Transverse Mass: The transverse mass of an event can be thought of in very simple terms as how heavy an event is. Transverse mass is calculated by adding up the mass and transverse momenta of all particles produced in a collision.
Transverse Sphericity: The sphericity of an event is a measure of how close the spread of energy in the event is to a sphere in shape. An event that appears to be completely smoothly distributed in three dimensions is spherical and has a sphericity of 1. An event that is clumpy and irregular is closer to having sphericity 0.
Centrality: This is similar to sphericity, but is more a measure of how much of the ‘event’ is contained within the central part of the detector. By the ‘central’ part of the detector we mean the disk (ATLAS is cylindrical) that passes through the collision point.
Electromagnetic Fraction: The ATLAS energy detectors are called calorimeters, and there are two types of calorimeter.
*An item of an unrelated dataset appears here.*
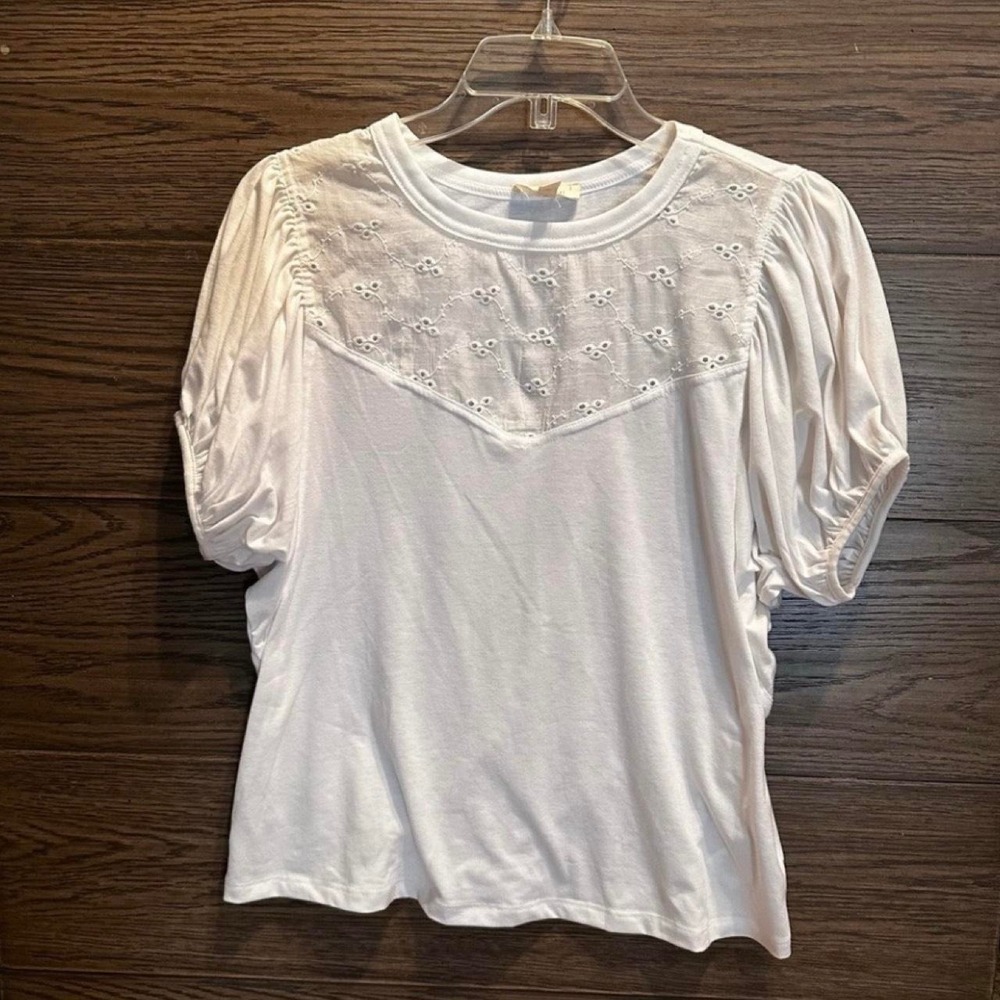 Womens White Boho Blouse Eyelet Lace Puff Shortsleeve Coquette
One of them is designed to measure the energy of particles, which, interact via the electromagnetic force, and the other is designed to measure the energy of particles, which interact ‘hadronically’ via the strong nuclear force. The electromagnetic fraction is calculated by dividing the energy detected in the electromagnetic calorimeter by the total energy detected.
Missing Energy Fraction: ATLAS is designed to be able to detect pretty much any kind of particle. A neutrino, however, is not directly detectable by any part of ATLAS. This funny little particle refuses to interact with anything. Billions of them are passing through your body as you read this, mostly coming from the sun. They will fly right through planet earth without even noticing it is there. The only way we can detect neutrinos with ATLAS is to look at the spread of detectable energy in the detector and try to balance it according to the laws of conservation of energy and momentum. We calculate the amount of energy carried by the neutrino(s) produced in a collision and subsequent particle decays and divide this by the total detectable energy in an event.

One challenge I had with trying to map the data to a reasonable correlate of my instrument parameters was that the hadronization process occurs so rapidly that the detectors cannot capture the timing. Upon discovering this I considered abandoning the project because it seemed there was no way to reasonably represent the events without such fundamental information. However, after further consideration, it was decided that the data that was provided could be in part mapped to the timing pfields of the score even though it was not an actual aspect of the timing relationships. Though this constraint was unexpected, it actually worked out quite nicely.

I proceeded to organize eight columns and almost three thousand rows of data into the beginnings of a score by using a spreadsheet. When possible, I chose parameters of the LHC data that seemed to resemble the parameters of the Csound instrument when mapping it to the score. So for instance, the Transverse Mass seemed to most directly correlate to amplitude. Sphericity seemed to be a spatial parameter and so was used in determining aspects of the panning.